# Looking For Information On An Old Mechanical Midland Watch



## Stoo14 (Sep 26, 2011)

hi, looking for some assistance, if possible, for a mechanical Midland Watch i have. Very little info online about the Midland Watch Co so any info would be greatly appreciated. thanks. pic below.

http://www.flickr.co...in/photostream/


----------



## JoT (Aug 12, 2003)

Wow that's a beauty

Midland in enigmatic, I have seen several similar posts on other fora over the years asking for information on Midland but without any joy.


----------



## mel (Dec 6, 2006)

I'm with JoT on this, that piece ticks a lot of deco boxes, I've wondered if "Midland" could be another "West End Watch Company" type of product - - that is, made with a British name for the export market largely?

Who knows ?

Anyone ?


----------



## Stoo14 (Sep 26, 2011)

cheers folks. appreciated.


----------



## Stoo14 (Sep 26, 2011)

dont know why i didn't do it sooner, opened up the case and it says "Benrus Watch Co" on the inside. googled and found this, which looks almost exactly the same as mine. http://www.pensandwatches.com/benrus_watches.html


----------



## mel (Dec 6, 2006)

Stoo14 said:


> dont know why i didn't do it sooner, opened up the case and it says "Benrus Watch Co" on the inside. googled and found this, which looks almost exactly the same as mine. http://www.pensandwatches.com/benrus_watches.html


Well you see, that starts to explain things a tad, Benrus (in common with many other US and UK makers) would import movements from Swissyland and fit them to locally supplied cases.
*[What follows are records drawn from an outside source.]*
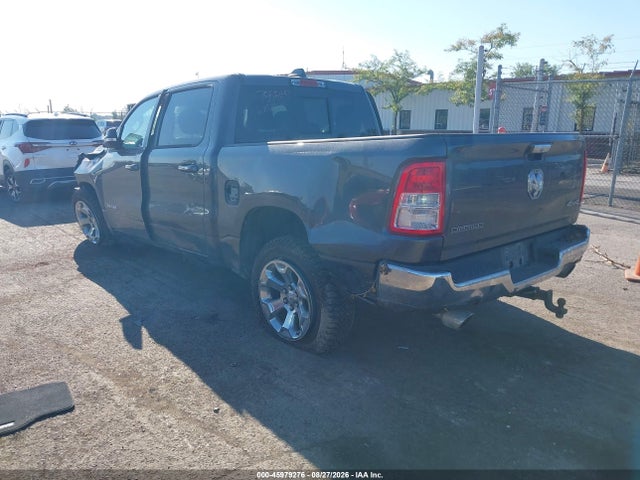 Продаж на аукціоні авто 2019 Ram 1500 Big Horn/lone Star  4x4 5'7 Box, vin: 1C6SRFFT6KN755511, номер лоту: 45979276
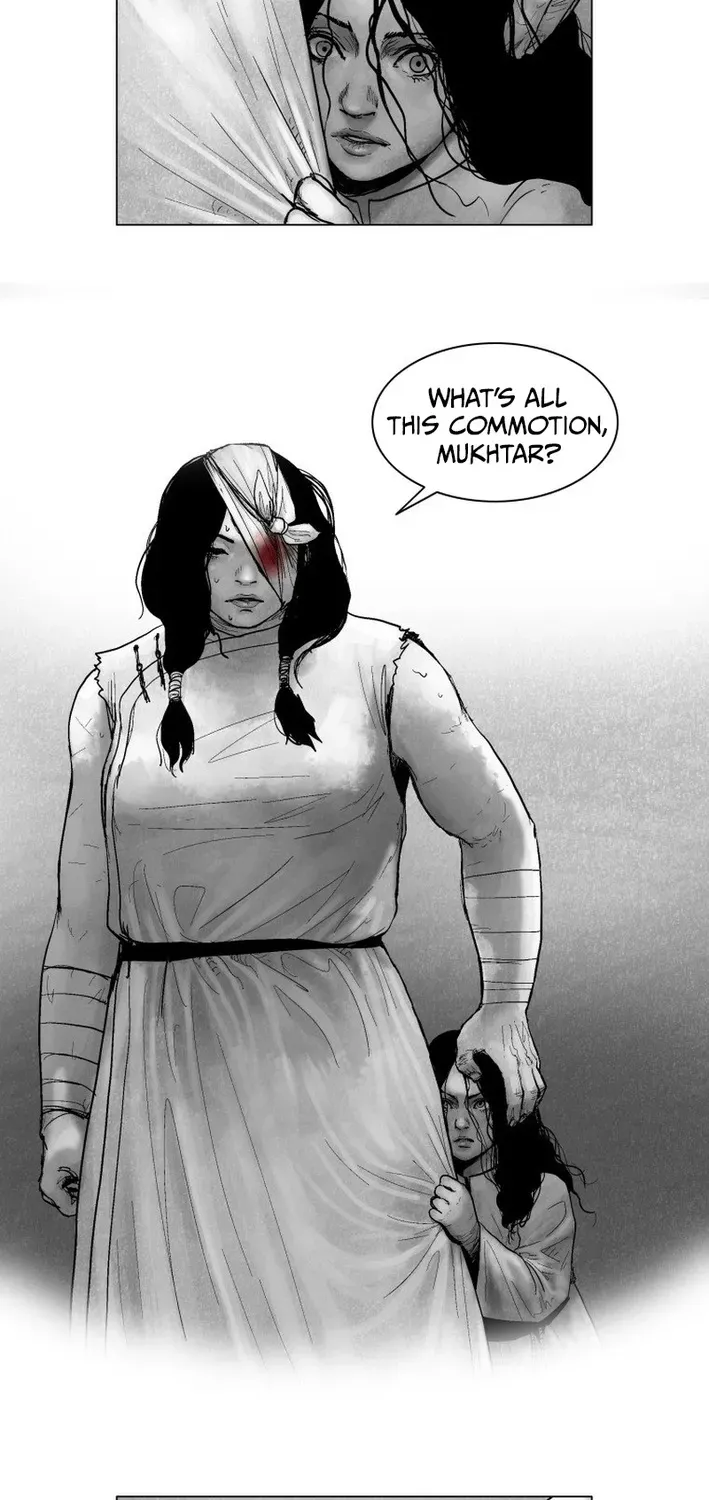 Read Crimson Requiem chapter 8 image 10 on Lezhin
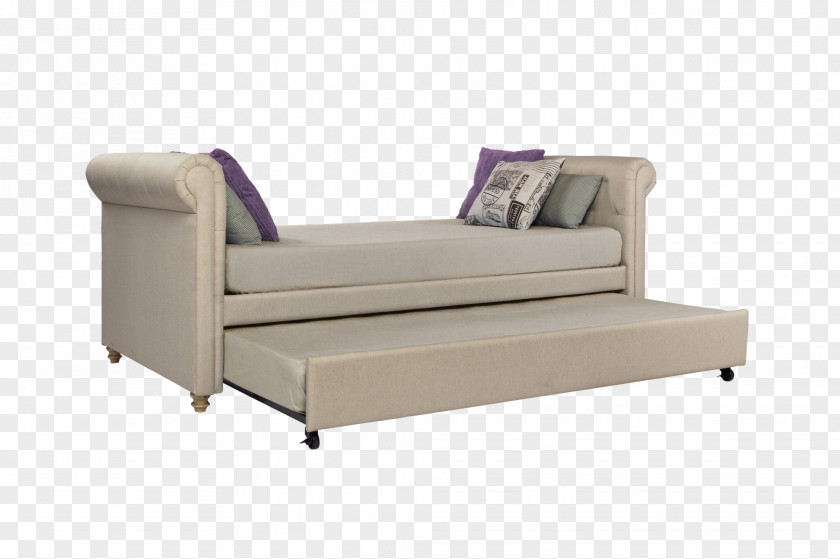 Bed Daybed Trundle Upholstery Platform Size PNG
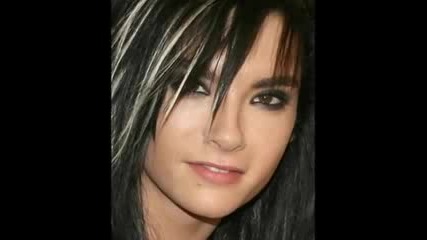 Bill Kaulitz - shut up and come...! 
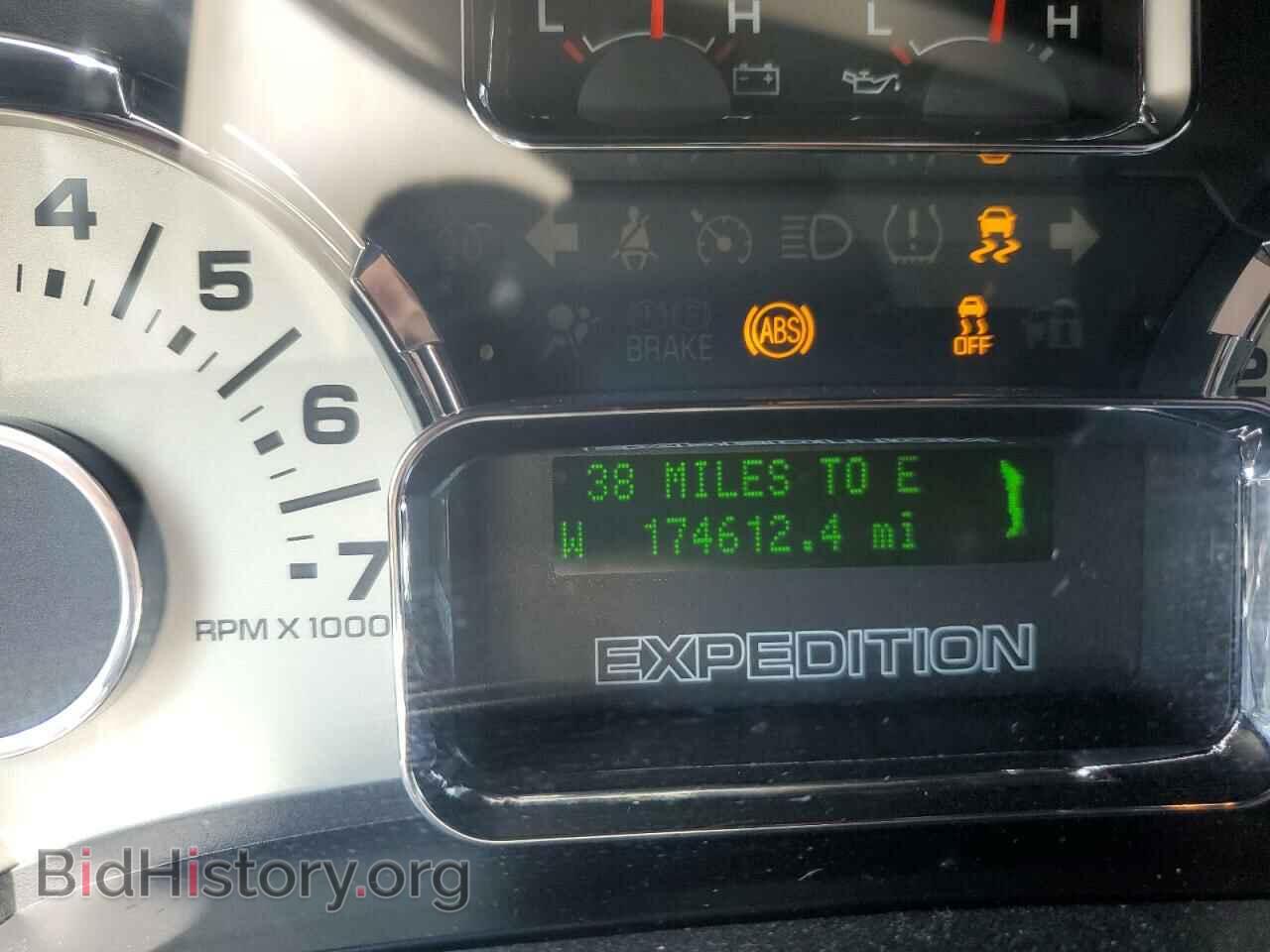 2012 FORD EXPEDITION - VIN: 1FMJU2A58CEF15510 - Фото 9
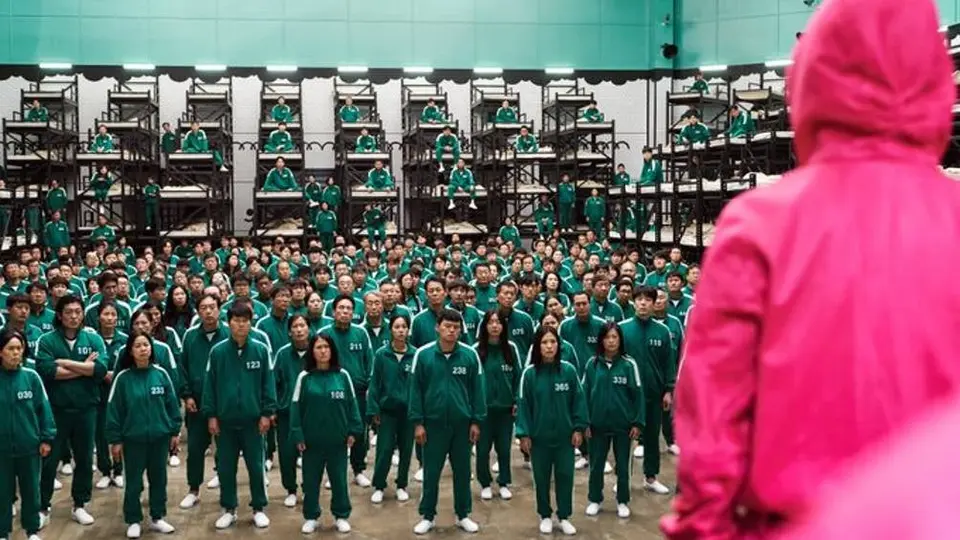 ¡El Juego del Calamar llega a la vida real! Netflix anuncia reallity show de su popular serie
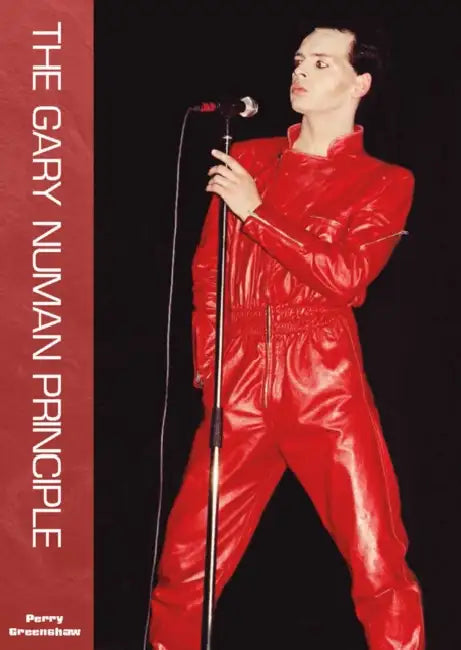 The Gary Numan Principle by Perry Greenshaw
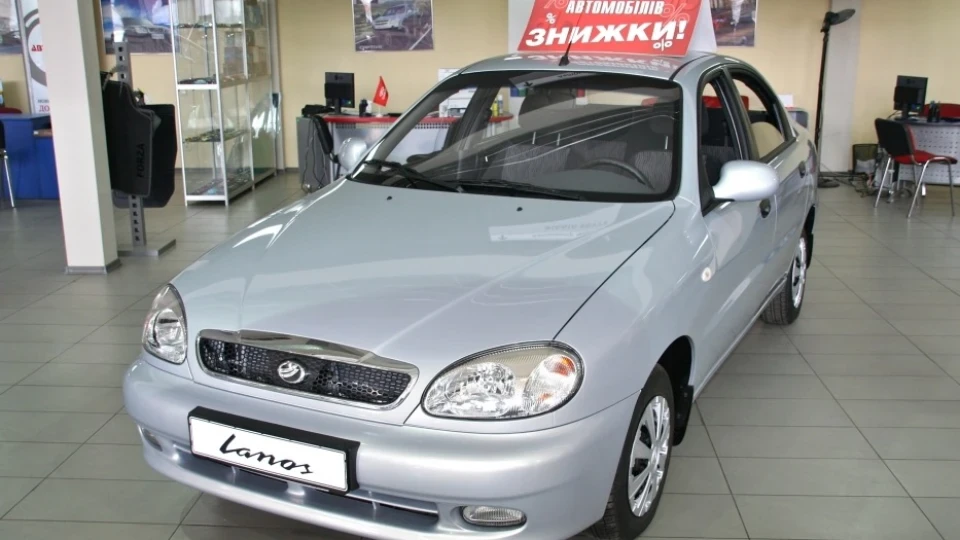 ЗАЗ Lanos 2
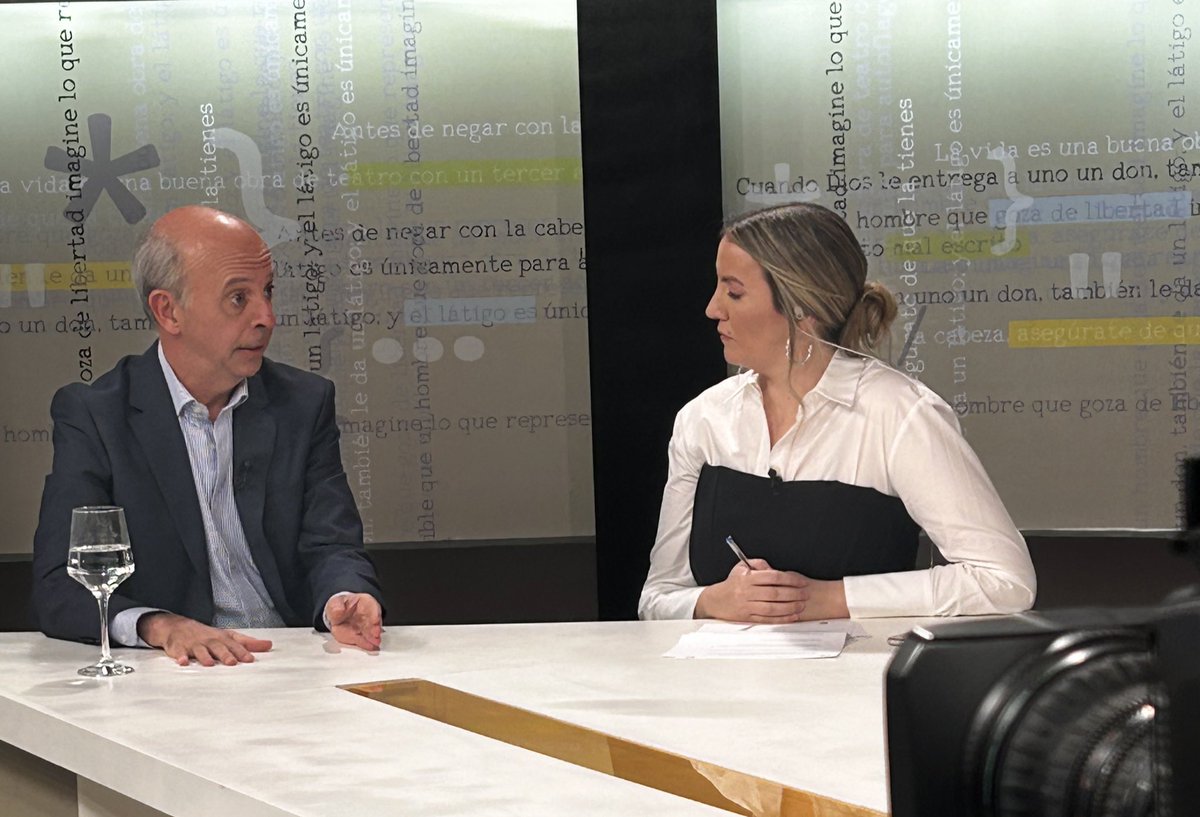 La crisis del agua, los archivos publicados recientemente y las candidaturas blancas , entre otros temas , entrevista a <a href="/JavierGarcia_Uy/">Javier García</a> 
Aquí nota completa 
youtu.be/yL4fkSsvcms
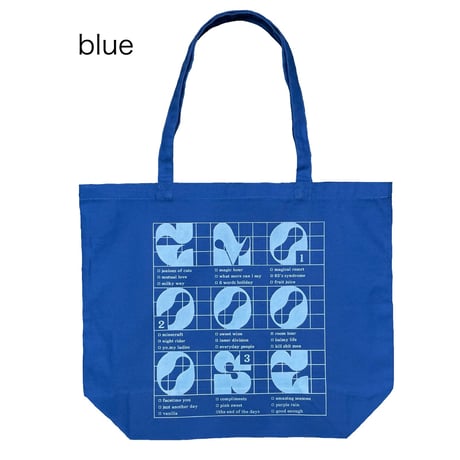 tote bag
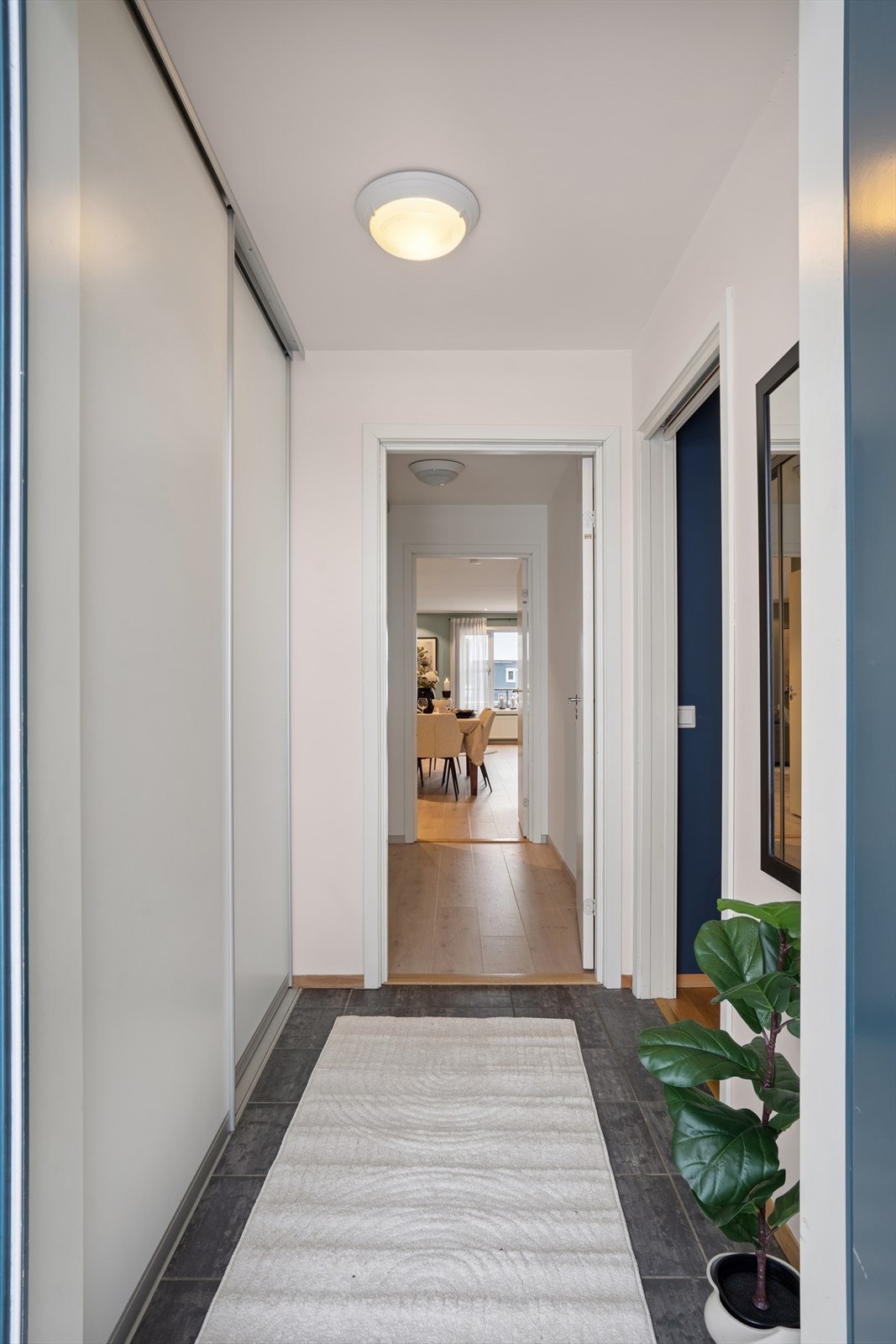 Velkommen til en hyggelig visning! Galleribilde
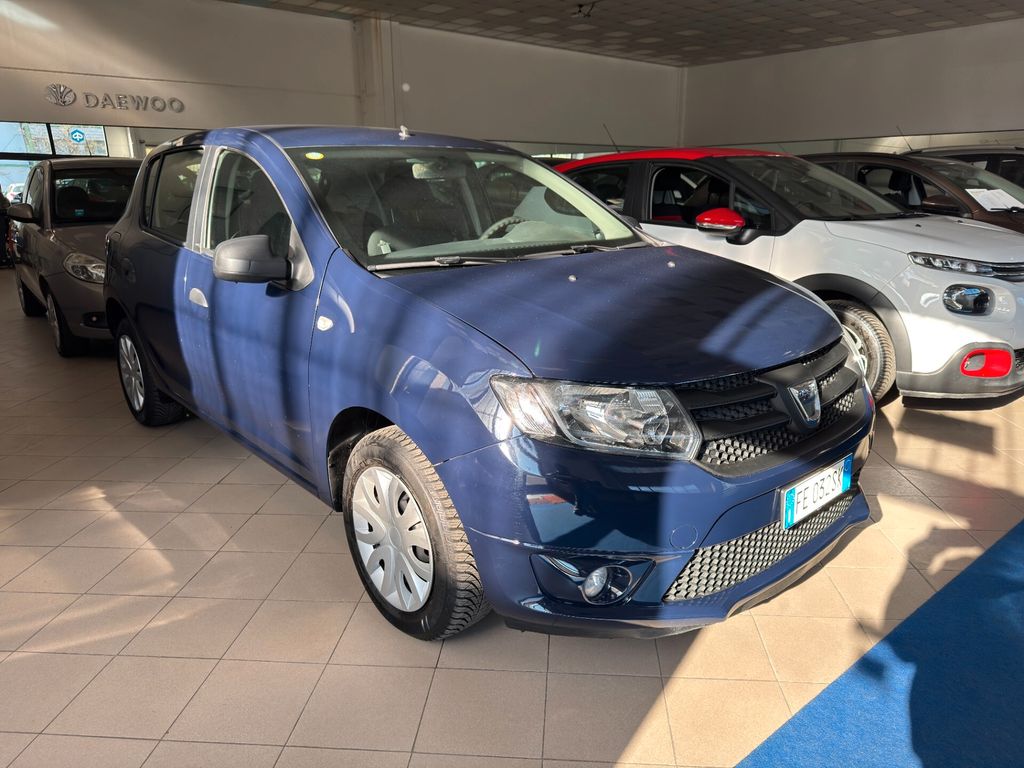 Image of Dacia Sandero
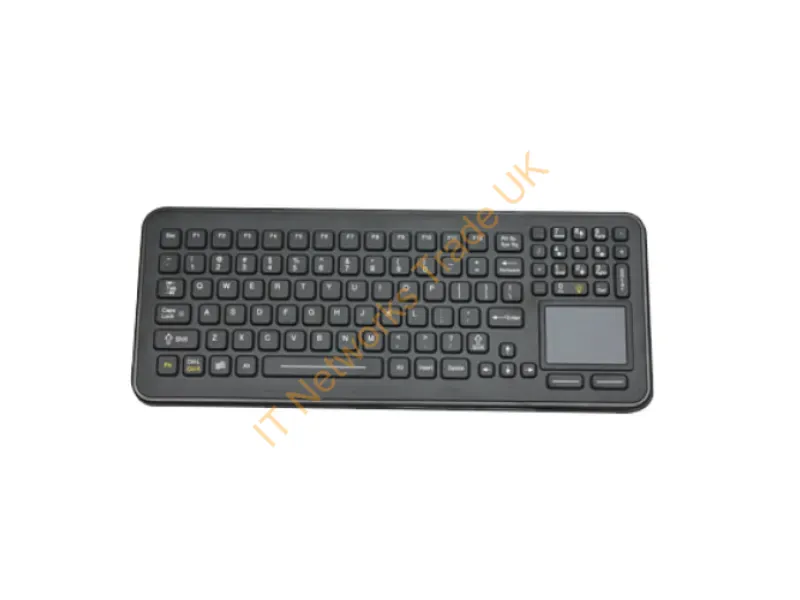 SB-97-TP-USB-P - Panasonic Sb-97-Tp Keyboard Usb Qwerty English Black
This was a "device" to save on import duties as the movements could be classed as spare parts and thus carry a lower rate of Customs Duty than complete watches, depending on the regulations of the importing country. Swiss watches were regarded as "luxury goods" by some countries, and taxed accordingly. :lol:

My guess is that "Midland" would have been doing exactly this, either as what we call a "sub-brand" (part of Benrus) or buying movements from Benrus and casing them up locally wherever they were based :yes:

A look on fleabay with a search for "Benrus watches" wil usually turn up a few as well.


----------